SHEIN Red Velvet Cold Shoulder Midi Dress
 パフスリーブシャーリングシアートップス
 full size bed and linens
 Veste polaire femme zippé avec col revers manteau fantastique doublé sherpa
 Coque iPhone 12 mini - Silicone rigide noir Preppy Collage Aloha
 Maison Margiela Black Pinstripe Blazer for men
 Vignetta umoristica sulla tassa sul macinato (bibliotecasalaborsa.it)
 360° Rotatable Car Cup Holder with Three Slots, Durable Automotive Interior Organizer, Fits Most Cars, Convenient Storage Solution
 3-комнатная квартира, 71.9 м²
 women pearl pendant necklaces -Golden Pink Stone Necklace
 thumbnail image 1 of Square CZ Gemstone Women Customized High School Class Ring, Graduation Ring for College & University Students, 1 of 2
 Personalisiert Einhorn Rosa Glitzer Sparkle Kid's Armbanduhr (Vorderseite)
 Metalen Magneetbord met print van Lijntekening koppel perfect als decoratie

════

Task prompt -> Print out all the entries precisely as written.

Response to the exercise ->
SHEIN Red Velvet Cold Shoulder Midi Dress
 パフスリーブシャーリングシアートップス
 full size bed and linens
 Veste polaire femme zippé avec col revers manteau fantastique doublé sherpa
 Coque iPhone 12 mini - Silicone rigide noir Preppy Collage Aloha
 Maison Margiela Black Pinstripe Blazer for men
 Vignetta umoristica sulla tassa sul macinato (bibliotecasalaborsa.it)
 360° Rotatable Car Cup Holder with Three Slots, Durable Automotive Interior Organizer, Fits Most Cars, Convenient Storage Solution
 3-комнатная квартира, 71.9 м²
 women pearl pendant necklaces -Golden Pink Stone Necklace
 thumbnail image 1 of Square CZ Gemstone Women Customized High School Class Ring, Graduation Ring for College & University Students, 1 of 2
 Personalisiert Einhorn Rosa Glitzer Sparkle Kid's Armbanduhr (Vorderseite)
 Metalen Magneetbord met print van Lijntekening koppel perfect als decoratie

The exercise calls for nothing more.